(Items from a data source)
++++++++++
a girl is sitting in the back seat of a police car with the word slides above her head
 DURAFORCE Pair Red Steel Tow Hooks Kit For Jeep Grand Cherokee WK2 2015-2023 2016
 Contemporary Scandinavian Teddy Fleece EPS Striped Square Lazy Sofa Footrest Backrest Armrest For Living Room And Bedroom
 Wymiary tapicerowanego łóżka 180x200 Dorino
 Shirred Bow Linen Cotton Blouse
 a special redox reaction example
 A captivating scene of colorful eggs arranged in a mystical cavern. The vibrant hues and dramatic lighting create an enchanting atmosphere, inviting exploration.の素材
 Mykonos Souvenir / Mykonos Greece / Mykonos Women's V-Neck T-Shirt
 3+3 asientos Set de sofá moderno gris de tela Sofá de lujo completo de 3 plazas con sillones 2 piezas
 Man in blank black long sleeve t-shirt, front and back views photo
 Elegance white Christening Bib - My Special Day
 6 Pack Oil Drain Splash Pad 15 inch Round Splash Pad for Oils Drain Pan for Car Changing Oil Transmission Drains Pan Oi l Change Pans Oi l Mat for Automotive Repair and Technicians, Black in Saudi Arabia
++++++++++
* _TRY IT_
Your answer must be every record above, set down exactly as written.

* _EXERCISE RESPONSE_
a girl is sitting in the back seat of a police car with the word slides above her head
 DURAFORCE Pair Red Steel Tow Hooks Kit For Jeep Grand Cherokee WK2 2015-2023 2016
 Contemporary Scandinavian Teddy Fleece EPS Striped Square Lazy Sofa Footrest Backrest Armrest For Living Room And Bedroom
 Wymiary tapicerowanego łóżka 180x200 Dorino
 Shirred Bow Linen Cotton Blouse
 a special redox reaction example
 A captivating scene of colorful eggs arranged in a mystical cavern. The vibrant hues and dramatic lighting create an enchanting atmosphere, inviting exploration.の素材
 Mykonos Souvenir / Mykonos Greece / Mykonos Women's V-Neck T-Shirt
 3+3 asientos Set de sofá moderno gris de tela Sofá de lujo completo de 3 plazas con sillones 2 piezas
 Man in blank black long sleeve t-shirt, front and back views photo
 Elegance white Christening Bib - My Special Day
 6 Pack Oil Drain Splash Pad 15 inch Round Splash Pad for Oils Drain Pan for Car Changing Oil Transmission Drains Pan Oi l Change Pans Oi l Mat for Automotive Repair and Technicians, Black in Saudi Arabia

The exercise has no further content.